▶ TASK STATEMENT: Nothing in the records may be altered, and no picture may be included. Restate them in full.

*** Opening of DATA TO USE ***

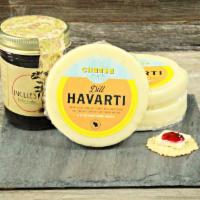 6 oz. Dill Havarti Cheese · Creamy, buttery havarti is a perfect match for zesty dill.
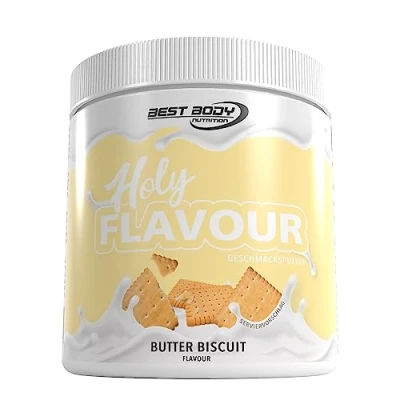 Abbildung von Best Body Nutrition Holy Flavour Geschmackspulver Butter Biscuit 250 g Dose Aromapulver zur Verfeinerung von Speisen und Getränken mit Butterkeksgeschmack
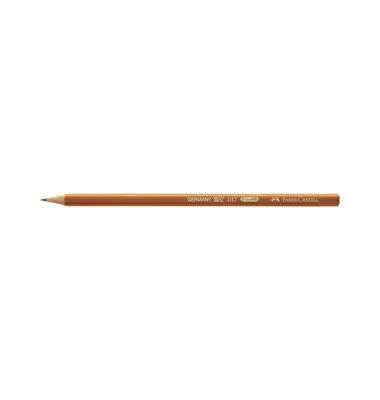 FABER-CASTELL Bleistift 1117, sechseckig, Härtegrad: HB (EAN: 4005401117001)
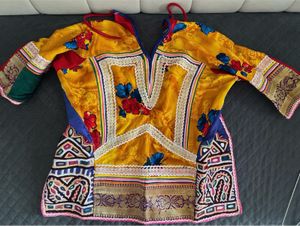 rabari Yellow Floral Embroidered blouse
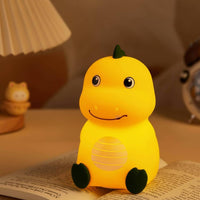 Timer Rechargeable Dinosaur Night Light Cute Design Silicone Dinosaur Lamp Dino Lamp for Children, Bedside, Nursery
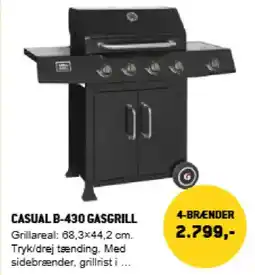 XL-BYG Casual b-430 gasgrill tilbud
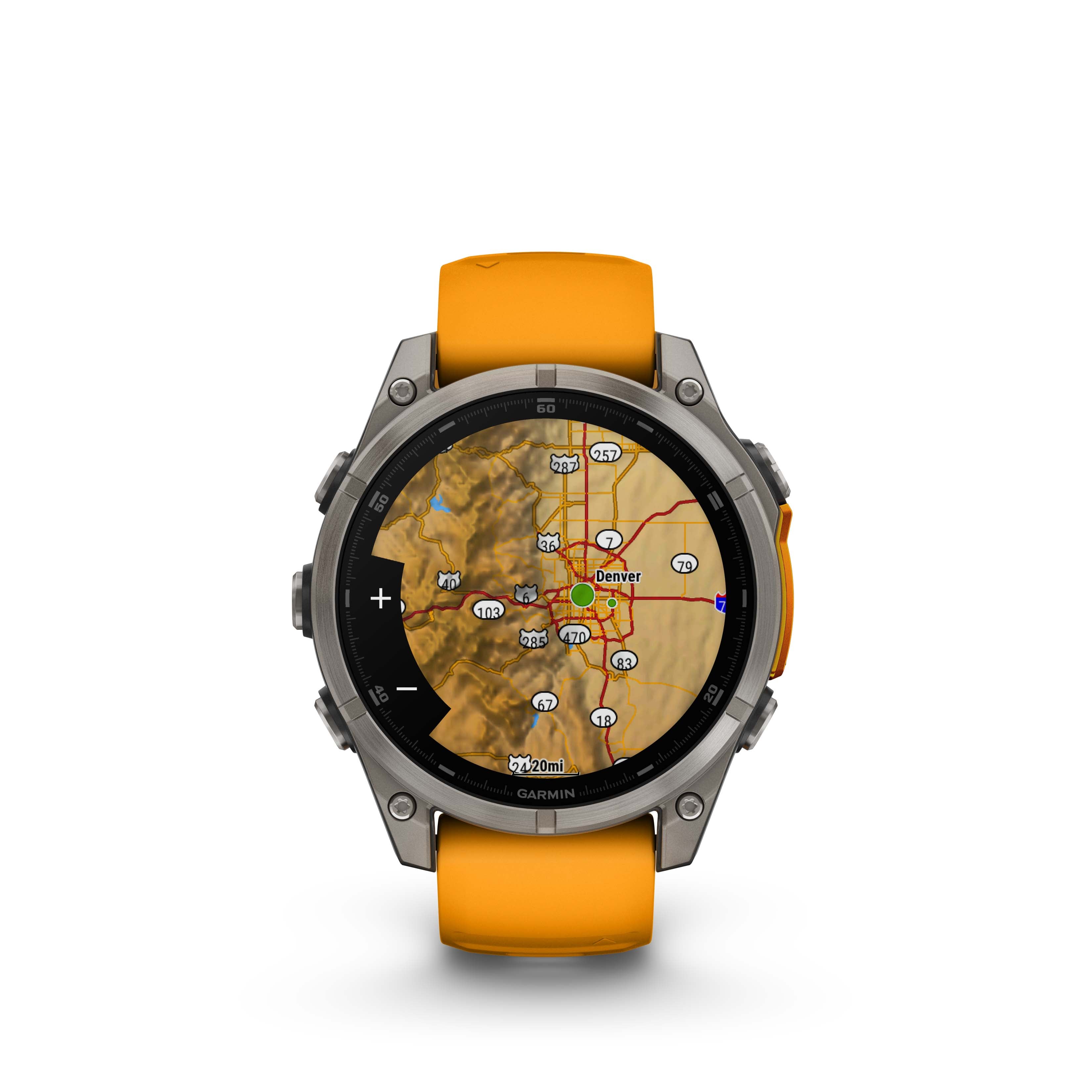 RELOJ GPS FENIX 8 47MM NARANJA
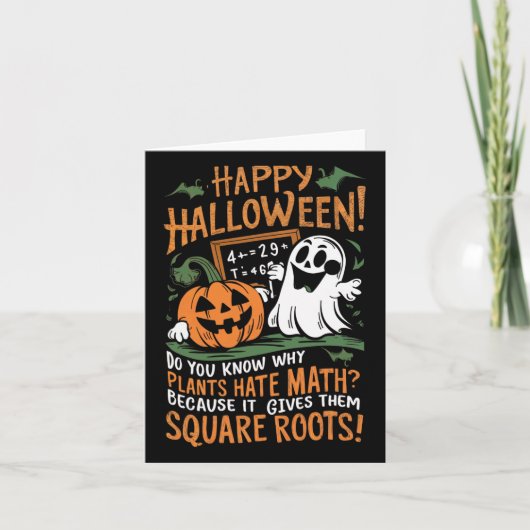 Happy Halloween - Math Teacher Scientist Funny Des Karte (Vorderseite)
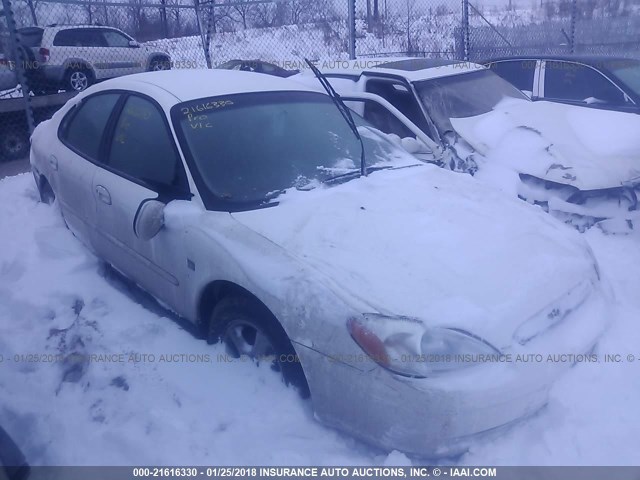 1FAFP55S9YG221750 - 2000 FORD TAURUS SES WHITE photo 1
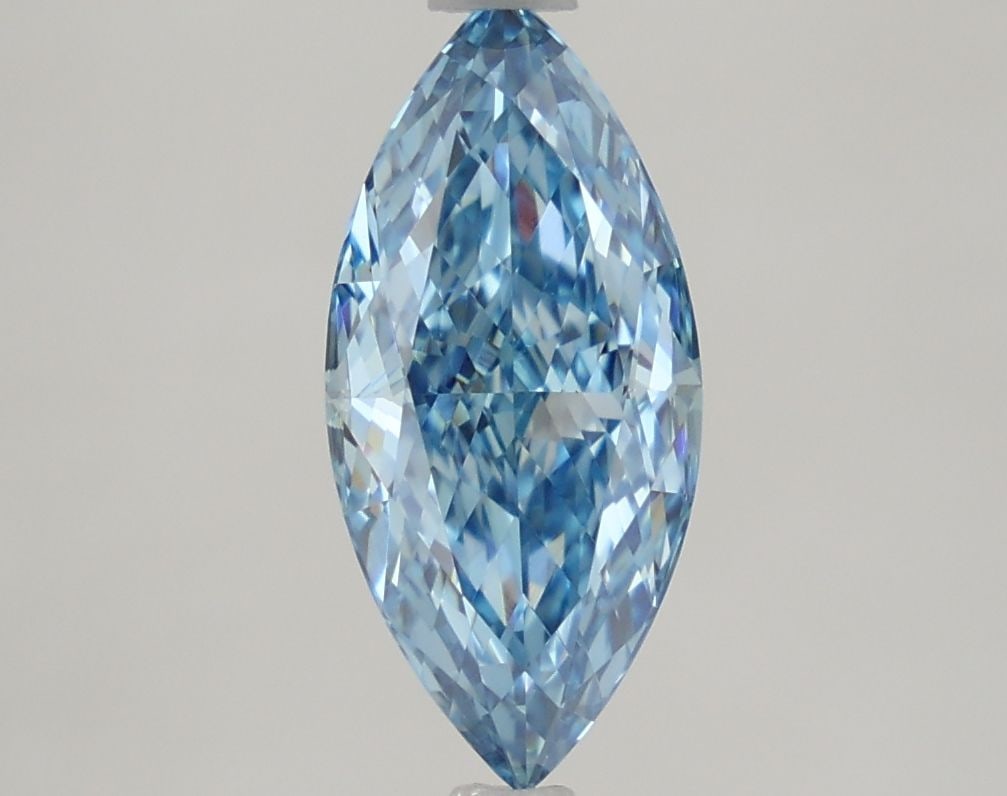 Loose Diamond - MARQUISE 1.63ct Fancy Vivid Blue VS1: Loose Diamond - MARQUISE 1.63ct Fancy Vivid Blue VS1 Source: This is a real non-mined Diamond that has been grown in a lab Shape: MARQUISE Carats: 1.63 Color: Fancy Vivid Blue Certification: IGI Video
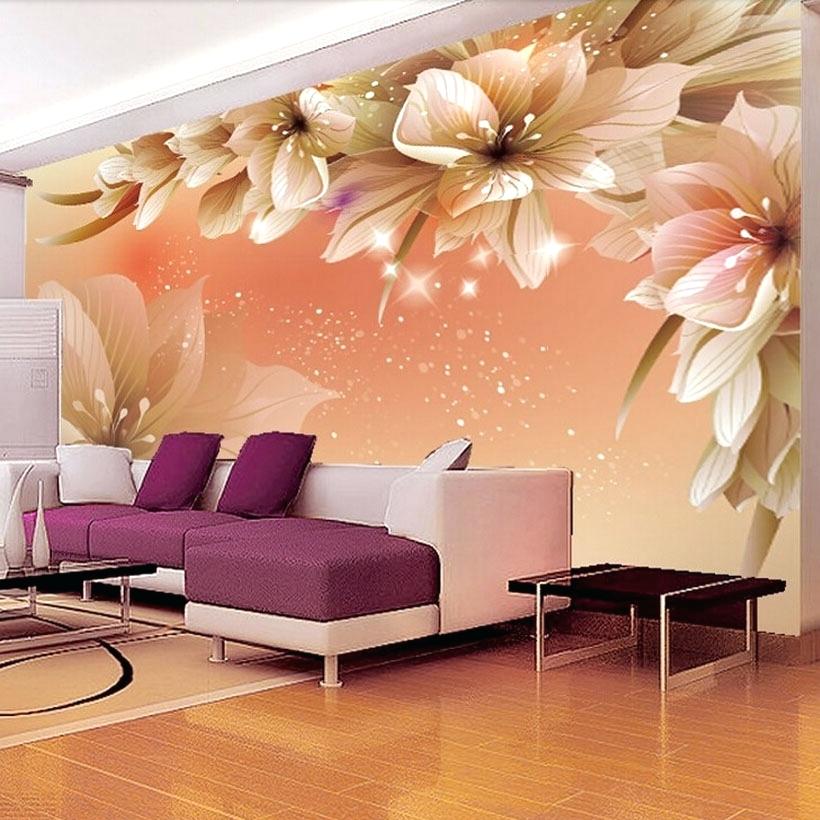Flower 3d Wall Art Design - HD Wallpaper 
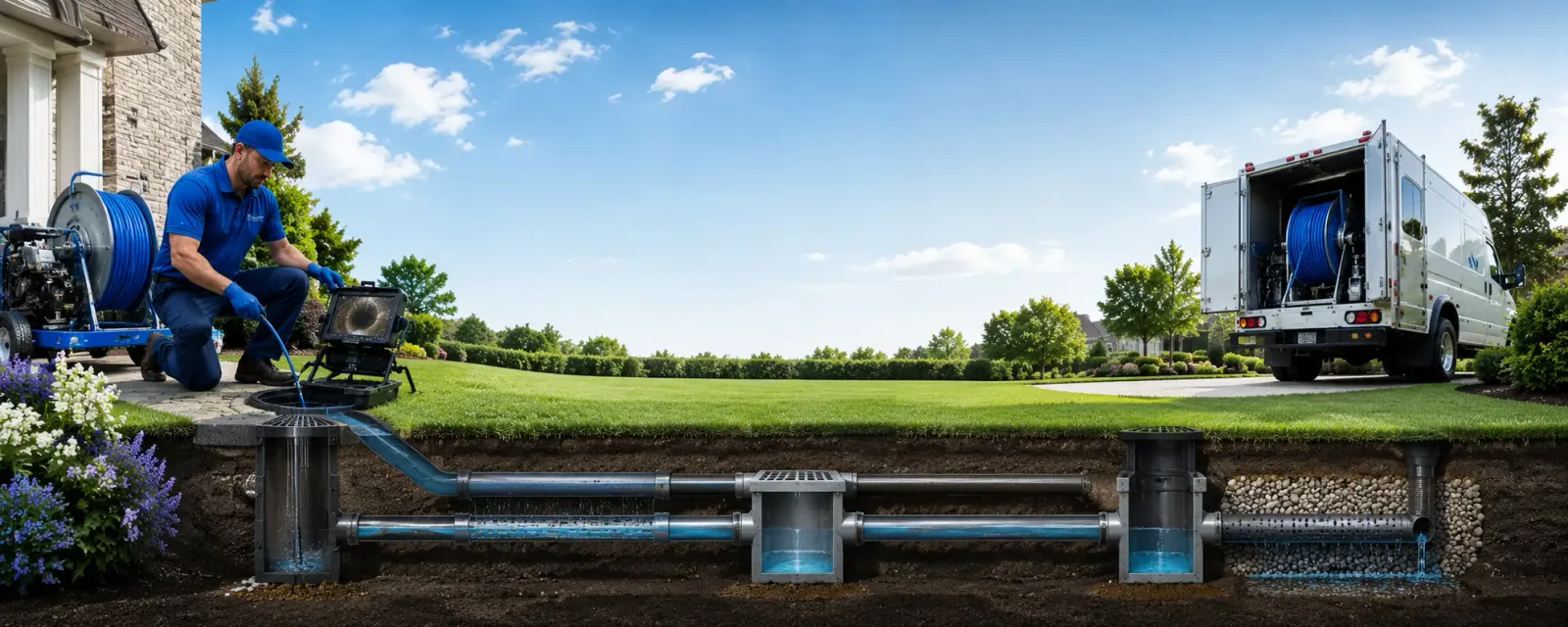 Outdoor drain cleaning information for Skandia, MI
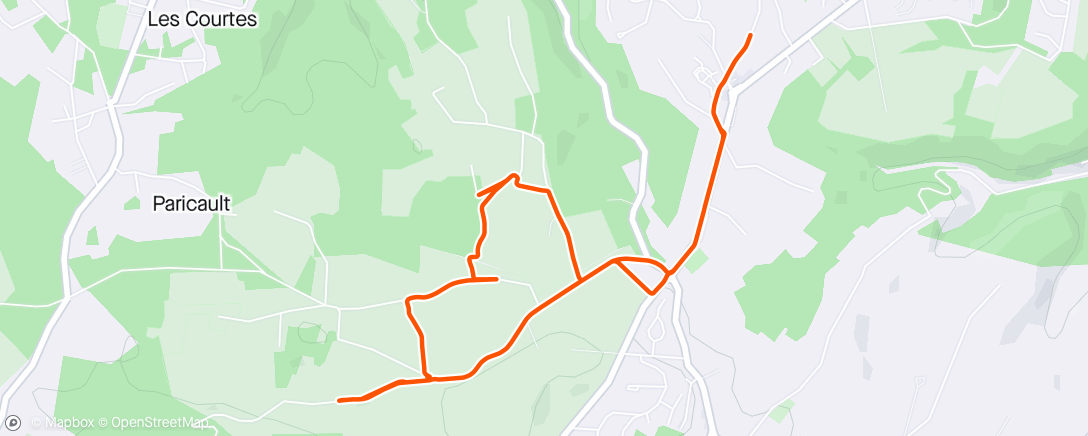 Mappa dell'attività Trail en soirée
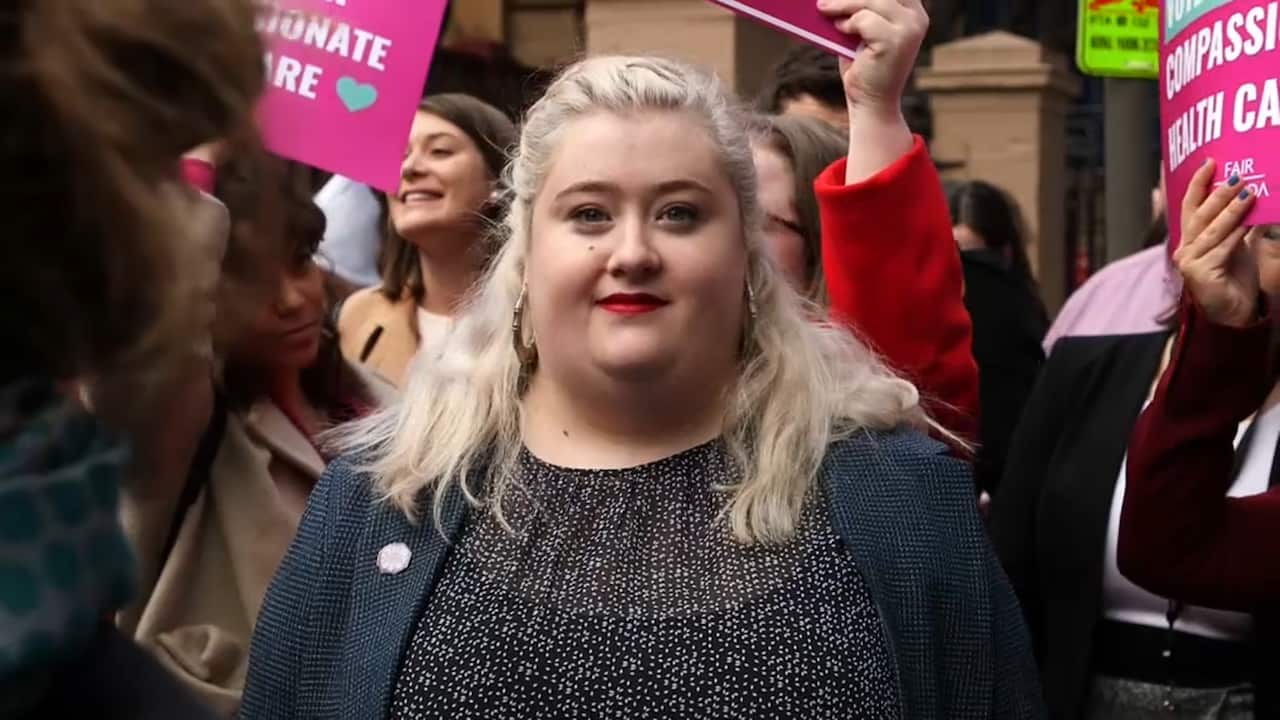Sinead Canning, 26, is the NSW Pro Choice Alliance's campaign manager. She's been lobbying MPs to introduce the bill into Parliament. 
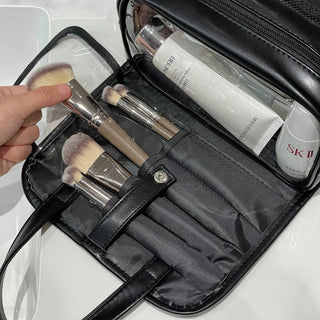 Multifunctional Removable Cosmetic Storage Pouch with Dividers  Makeup Pouch Travel Pouch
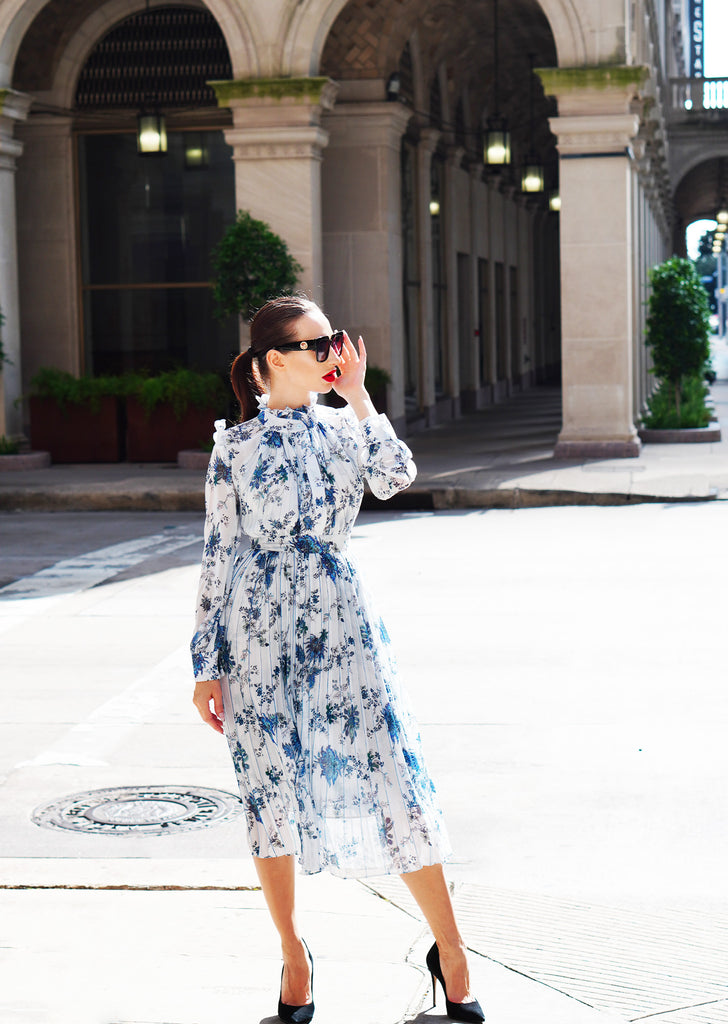 The "Marta" Floral Day Dress - Danielle Emon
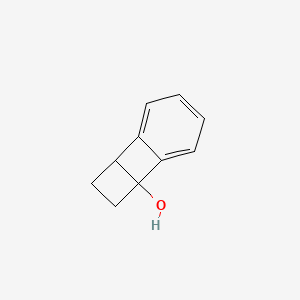 Tricyclo[4.4.0.0~2,5~]deca-1(10),6,8-trien-2-ol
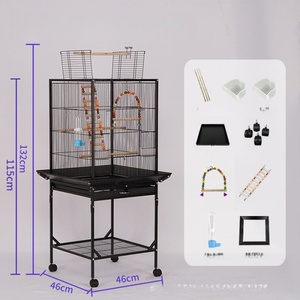 Hot Selling Hoge Kwaliteit Goede Maat Vogelkooi Jaulas Para Pajaros Nieuwe Stijl Vogelkooi Grote Kanariekooi - Product Image 4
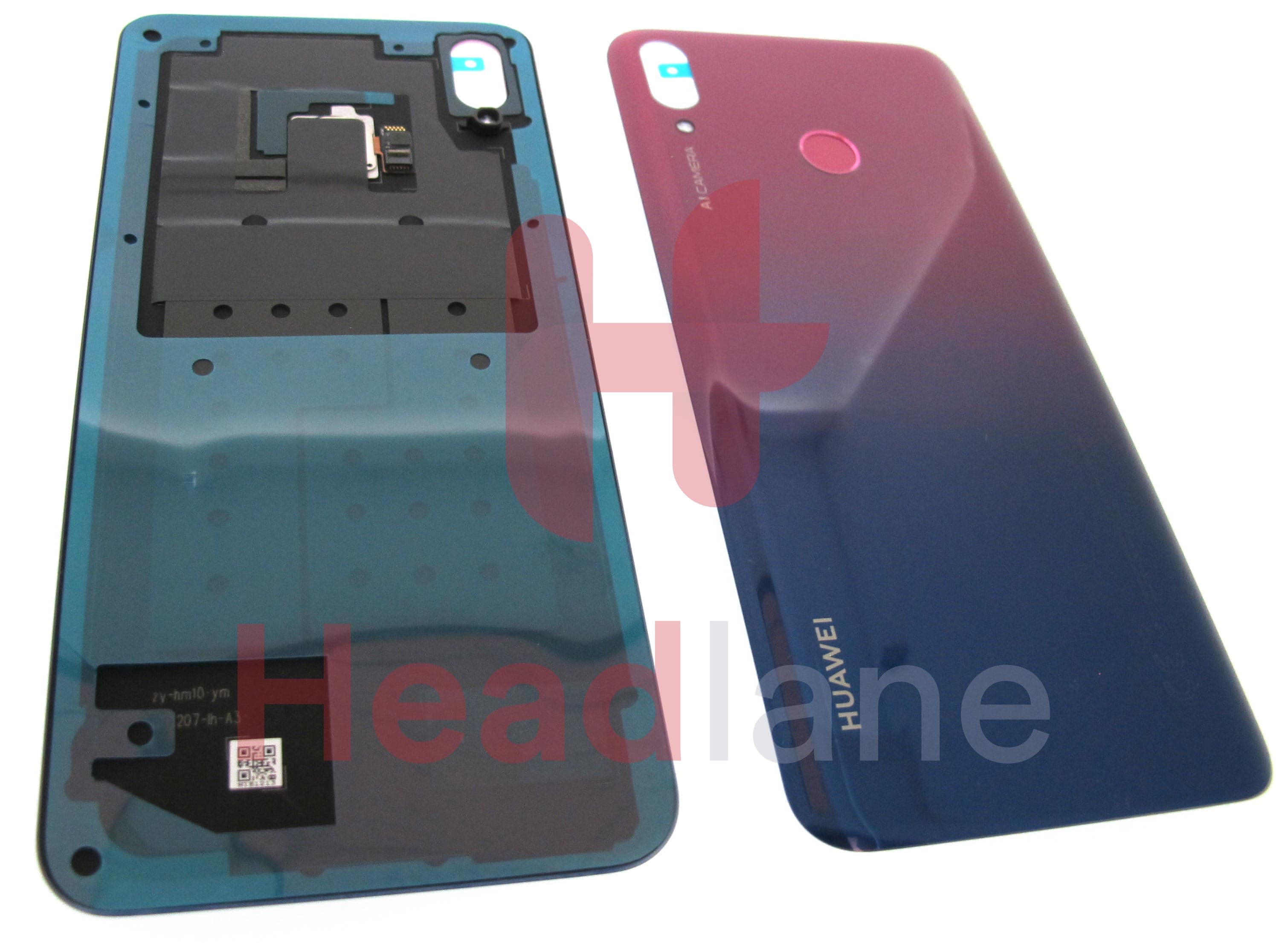 Huawei Y9 (2019) Back / Battery Cover - Aurora Purple - view 2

*** Close of DATA TO USE ***

▶ THE COMPLETED TASK:
 6 oz. Dill Havarti Cheese · Creamy, buttery havarti is a perfect match for zesty dill.
 Abbildung von Best Body Nutrition Holy Flavour Geschmackspulver Butter Biscuit 250 g Dose Aromapulver zur Verfeinerung von Speisen und Getränken mit Butterkeksgeschmack
 FABER-CASTELL Bleistift 1117, sechseckig, Härtegrad: HB (EAN: 4005401117001)
 rabari Yellow Floral Embroidered blouse
 Timer Rechargeable Dinosaur Night Light Cute Design Silicone Dinosaur Lamp Dino Lamp for Children, Bedside, Nursery
 XL-BYG Casual b-430 gasgrill tilbud
 RELOJ GPS FENIX 8 47MM NARANJA
 Happy Halloween - Math Teacher Scientist Funny Des Karte (Vorderseite)
 1FAFP55S9YG221750 - 2000 FORD TAURUS SES WHITE photo 1
 Loose Diamond - MARQUISE 1.63ct Fancy Vivid Blue VS1: Loose Diamond - MARQUISE 1.63ct Fancy Vivid Blue VS1 Source: This is a real non-mined Diamond that has been grown in a lab Shape: MARQUISE Carats: 1.63 Color: Fancy Vivid Blue Certification: IGI Video
Flower 3d Wall Art Design - HD Wallpaper 
 Outdoor drain cleaning information for Skandia, MI
 Mappa dell'attività Trail en soirée
Sinead Canning, 26, is the NSW Pro Choice Alliance's campaign manager. She's been lobbying MPs to introduce the bill into Parliament. 
 Multifunctional Removable Cosmetic Storage Pouch with Dividers  Makeup Pouch Travel Pouch
 The "Marta" Floral Day Dress - Danielle Emon
 Tricyclo[4.4.0.0~2,5~]deca-1(10),6,8-trien-2-ol
 Hot Selling Hoge Kwaliteit Goede Maat Vogelkooi Jaulas Para Pajaros Nieuwe Stijl Vogelkooi Grote Kanariekooi - Product Image 4
 Huawei Y9 (2019) Back / Battery Cover - Aurora Purple - view 2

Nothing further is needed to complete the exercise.